Hi all,
I’m somewhat new to Julia and Flux, and trying to train a model similar to a standard dense multi-layer neural network, but with sharing of some trainable parameters between layers.
To give a concrete example (not exactly what I want, but its close enough to illustrate the problem I’m facing in Flux):
The model has as parameters a sequence of matrices A_l and \Lambda_l, with the latter diagonal and positive-definite.
For layers l=1, ... , L-1:
x_{l+1} = \sigma (\Lambda_{l+1}^{-1} A_l \Lambda_l x_l)
and a final output layer
y = A_L \Lambda_L x_L
The main difficulty is that each matrix \Lambda_l for l=2, ..., L appears in both layer l and layer l-1. For this reason I cannot just use Chain, at least as far as I know.
What is the best way of coding this in Flux?

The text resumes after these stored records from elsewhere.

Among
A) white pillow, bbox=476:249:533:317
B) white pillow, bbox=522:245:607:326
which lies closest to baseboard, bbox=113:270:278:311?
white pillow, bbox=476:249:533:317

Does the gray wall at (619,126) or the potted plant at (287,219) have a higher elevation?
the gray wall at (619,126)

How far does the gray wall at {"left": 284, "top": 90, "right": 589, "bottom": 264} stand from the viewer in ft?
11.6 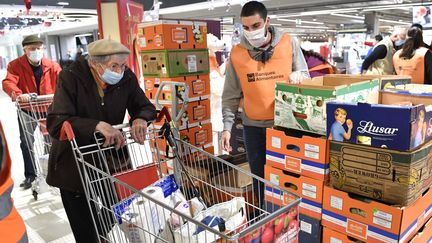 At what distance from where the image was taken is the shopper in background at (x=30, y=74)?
Result: 3.87 meters

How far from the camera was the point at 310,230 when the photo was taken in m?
2.16

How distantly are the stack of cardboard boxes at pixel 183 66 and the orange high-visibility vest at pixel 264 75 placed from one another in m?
1.72

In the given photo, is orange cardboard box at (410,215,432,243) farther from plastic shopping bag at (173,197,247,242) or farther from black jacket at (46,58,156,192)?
black jacket at (46,58,156,192)

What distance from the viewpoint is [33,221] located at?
11.0 ft

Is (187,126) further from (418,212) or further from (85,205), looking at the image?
(418,212)

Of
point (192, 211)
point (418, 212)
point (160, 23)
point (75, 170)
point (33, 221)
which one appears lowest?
point (33, 221)

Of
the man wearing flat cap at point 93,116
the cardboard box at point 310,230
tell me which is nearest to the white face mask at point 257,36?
the man wearing flat cap at point 93,116

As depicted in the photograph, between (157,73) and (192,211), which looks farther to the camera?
(157,73)

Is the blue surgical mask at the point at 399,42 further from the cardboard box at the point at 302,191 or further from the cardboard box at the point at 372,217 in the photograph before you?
the cardboard box at the point at 302,191

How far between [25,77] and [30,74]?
64mm

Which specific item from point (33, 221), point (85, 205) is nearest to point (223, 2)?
point (33, 221)

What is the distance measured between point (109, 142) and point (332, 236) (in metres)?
1.39

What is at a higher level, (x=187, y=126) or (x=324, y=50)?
(x=324, y=50)

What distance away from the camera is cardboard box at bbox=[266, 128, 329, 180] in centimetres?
201
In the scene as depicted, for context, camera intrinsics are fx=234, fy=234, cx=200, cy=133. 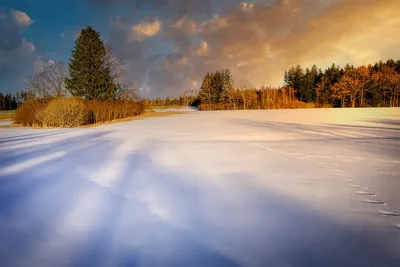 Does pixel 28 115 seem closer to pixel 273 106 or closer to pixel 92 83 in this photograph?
pixel 92 83

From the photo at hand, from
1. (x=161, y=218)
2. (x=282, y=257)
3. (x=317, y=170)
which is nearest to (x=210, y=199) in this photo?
(x=161, y=218)

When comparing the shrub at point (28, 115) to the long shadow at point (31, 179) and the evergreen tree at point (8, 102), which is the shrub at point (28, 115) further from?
the evergreen tree at point (8, 102)

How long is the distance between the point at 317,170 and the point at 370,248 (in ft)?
7.48

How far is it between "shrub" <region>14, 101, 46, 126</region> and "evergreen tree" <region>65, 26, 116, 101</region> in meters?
10.6

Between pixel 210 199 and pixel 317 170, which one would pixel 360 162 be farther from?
pixel 210 199

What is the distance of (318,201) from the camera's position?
2793mm

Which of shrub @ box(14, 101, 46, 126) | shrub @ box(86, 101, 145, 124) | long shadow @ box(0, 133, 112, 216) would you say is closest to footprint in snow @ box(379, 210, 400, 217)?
long shadow @ box(0, 133, 112, 216)

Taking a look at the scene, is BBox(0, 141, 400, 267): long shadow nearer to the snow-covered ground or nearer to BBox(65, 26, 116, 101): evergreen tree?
the snow-covered ground

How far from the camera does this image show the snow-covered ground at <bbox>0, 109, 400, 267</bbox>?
1869 mm

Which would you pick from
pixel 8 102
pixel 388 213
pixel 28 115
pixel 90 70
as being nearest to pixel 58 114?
pixel 28 115

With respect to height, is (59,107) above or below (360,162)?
above

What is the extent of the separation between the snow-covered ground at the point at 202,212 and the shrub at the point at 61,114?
10645 mm

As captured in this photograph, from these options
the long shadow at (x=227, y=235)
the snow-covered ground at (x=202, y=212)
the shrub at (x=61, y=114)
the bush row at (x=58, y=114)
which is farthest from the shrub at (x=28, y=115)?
the long shadow at (x=227, y=235)

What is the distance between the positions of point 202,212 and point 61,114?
14.7m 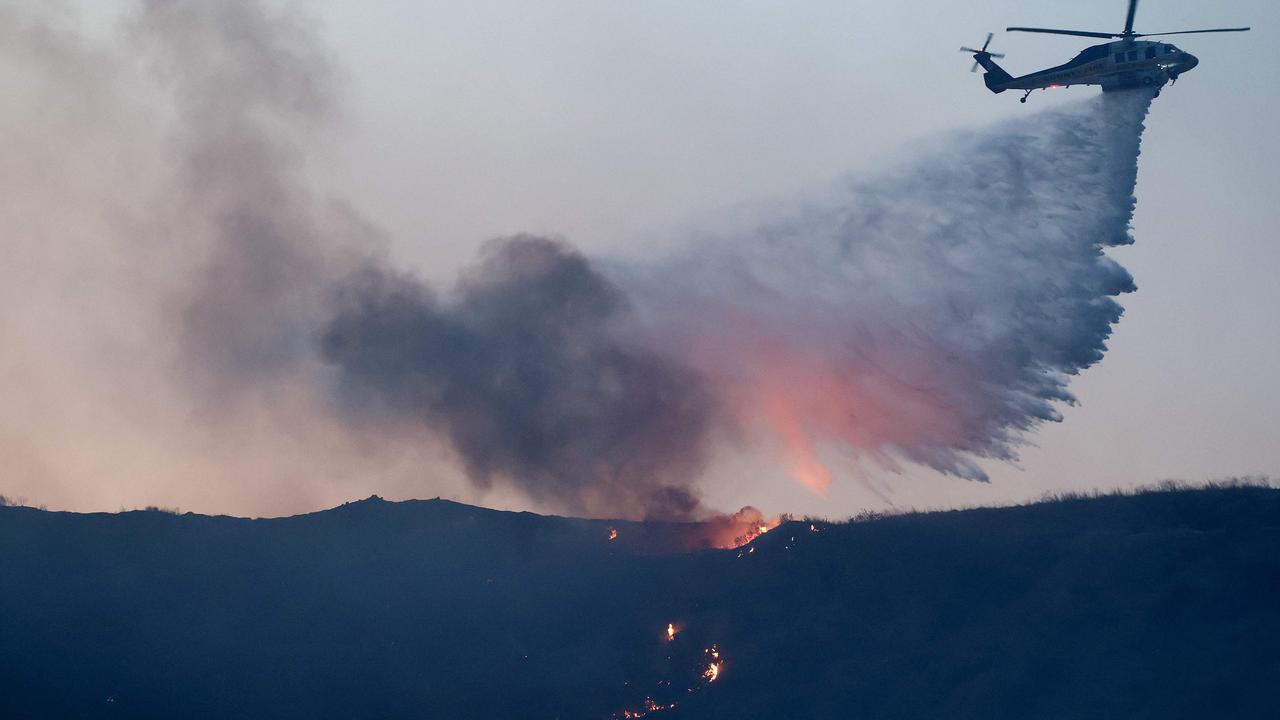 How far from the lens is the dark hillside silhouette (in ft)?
135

I have tried the code below. It works until the last line which gives the error
ERROR: Only reference types can be differentiated with
Params
.
I have searched for this error and no solutions I found address exactly this problem. I understand that the problem is related to having a vector of arrays in the struct defining the model. But is there a better way of representing such a structure with a flexible number of layers? Or is there a way of getting Flux to differentiate with respect to the arrays As and ds?
Grateful for any assistance!
using Flux
mutable struct Multi
As::Vector{Array{Float64}}
ds::Vector{Array{Float64}}
end
function (m::Multi)(x)
L = length(m.As)
for l = 1:(L-1)
Λ = diagm(exp.(m.ds[l]))
V = diagm(exp.(-m.ds[l+1]))
A = m.As[l]
x = σ.( V * A * Λ * x )
end
Λ = diagm(exp.(m.ds[L]))
A = m.As[L]
return A * Λ *x
end
Flux.@functor Multi
m = Multi([randn(nh,ni), randn(no,nh)],[randn(ni), randn(nh)])
x = 0
y = 1
m(1) # check that the model evaluates
function loss(x,y)
ŷ = m(x)
sum((y .- ŷ)^2)
end
grads = gradient(() -> loss(x, y), params(m))
grads[1]